One character is writing a sexy letter to another character. A very sexy letter. The character writing may or may not intend to send the letter. They might change their mind while writing it, perhaps even several times. It can be a confessional letter in a newly blossoming relationship, or writing within an established relationship. But it is very definitely a sexy letter.
So who are the characters?
- If you have a story in progress, you can use your existing characters, if it suits them.
- If you've done any of the other writing skills, you can use the characters from those. Most recently, we've had two skills focused on romantic relationships: Deluded Diary, for exploring new love, and Prove It's You, for exploring established love.
- If you don't have any characters from your work or previous skills, you could jump into either of the two above, spend ten minutes on that to discover the characters, and then come back to this.
- If you'd rather dive straight into writing a sexy letter, you can use this quick character gen to whisk up two characters. (Feel free to adjust the ages!)
Then decide which character is writing the letter to the other, grab some pen and paper, and start writing the letter, detailing – in plenty of detail! – exactly what they're imagining, remembering, longing for, hoping, fantasising, fixating on... Remember: they might not send the letter. So they can say whatever they want. (And you don't have to show what you write to anyone. So you can have them say whatever you want.) Give yourself permission to enjoy it, to get hot under the collar, even to giggle in shock at yourself. And have fun!
This is a delightful way to approach writing sex scenes or sexy snippets, because the nature of a letter means that you're focusing on the desire, not the instruction-manual mechanics. It's the desire that makes a scene zing – which is not to say keep it abstract, desire is wonderfully specific, just trust that the form of letter-writing will take it in the right direction. Plus, it's the character writing all this, not you, so through their (eager, ardent) voice, you can find the freedom to say all sorts of things that you might hesistate to write in your own voice.

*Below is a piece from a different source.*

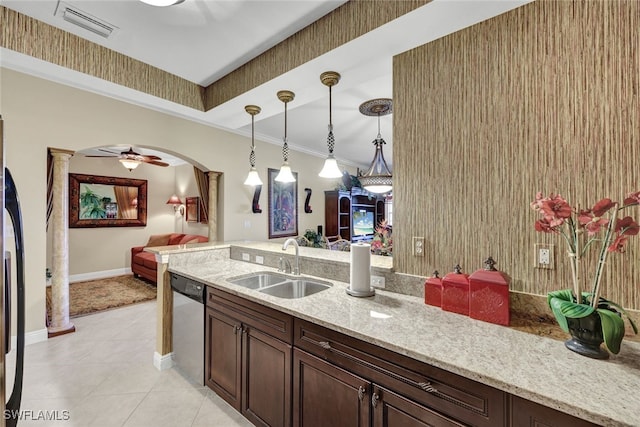 kitchen with appliances with stainless steel finishes, sink, ornamental molding, dark brown cabinetry, and light stone countertops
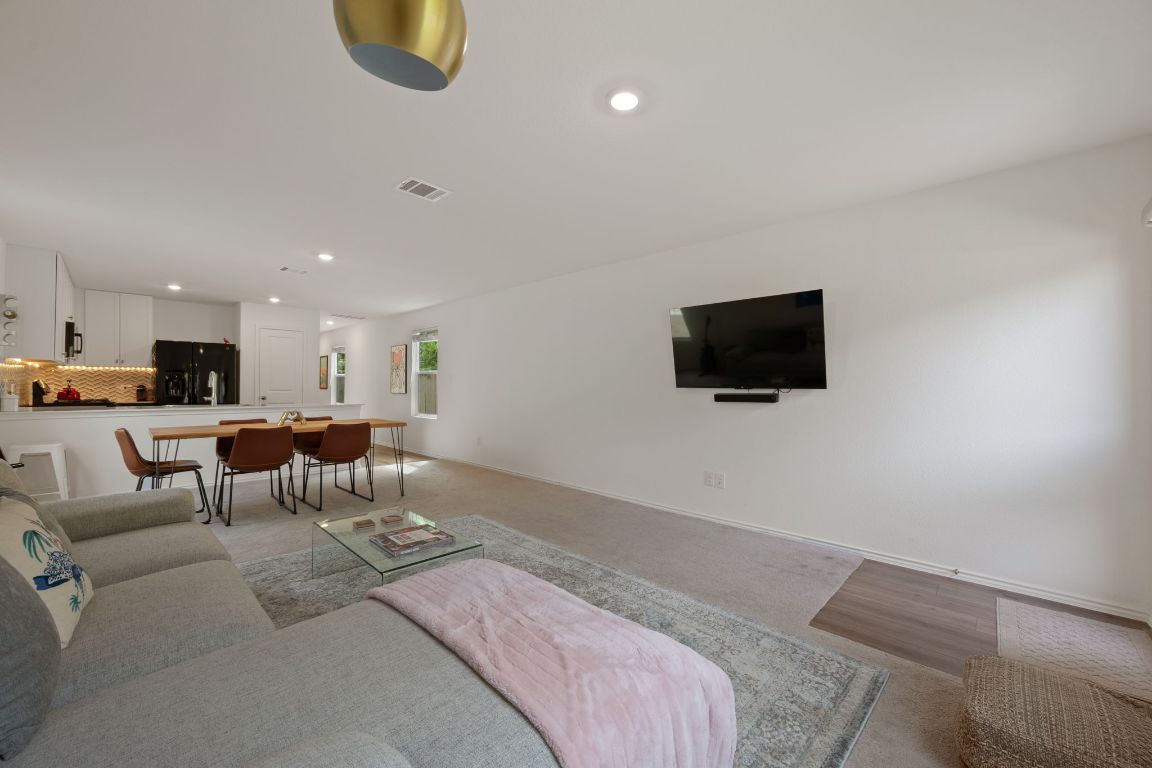 68 Trinity Circle Lockhart, TX 78644 - Photo 6 of 27 a living room with furniture and a flat screen tv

The Sexy Scenes workshop is running online, on Zoom, on the weekend of 7–8 December, 10am–12:30pm both mornings UK time, and you can join from anywhere in the world. We'll be looking at heaps of excerpts, from the very explicit to the deeply suggestive, and exploring all the words, strategies, and approaches we need to write sex scenes and sexy snippets. Read more about it, including the workshop guidelines, and book here. Just three places left, so do book fast if you'd like to join!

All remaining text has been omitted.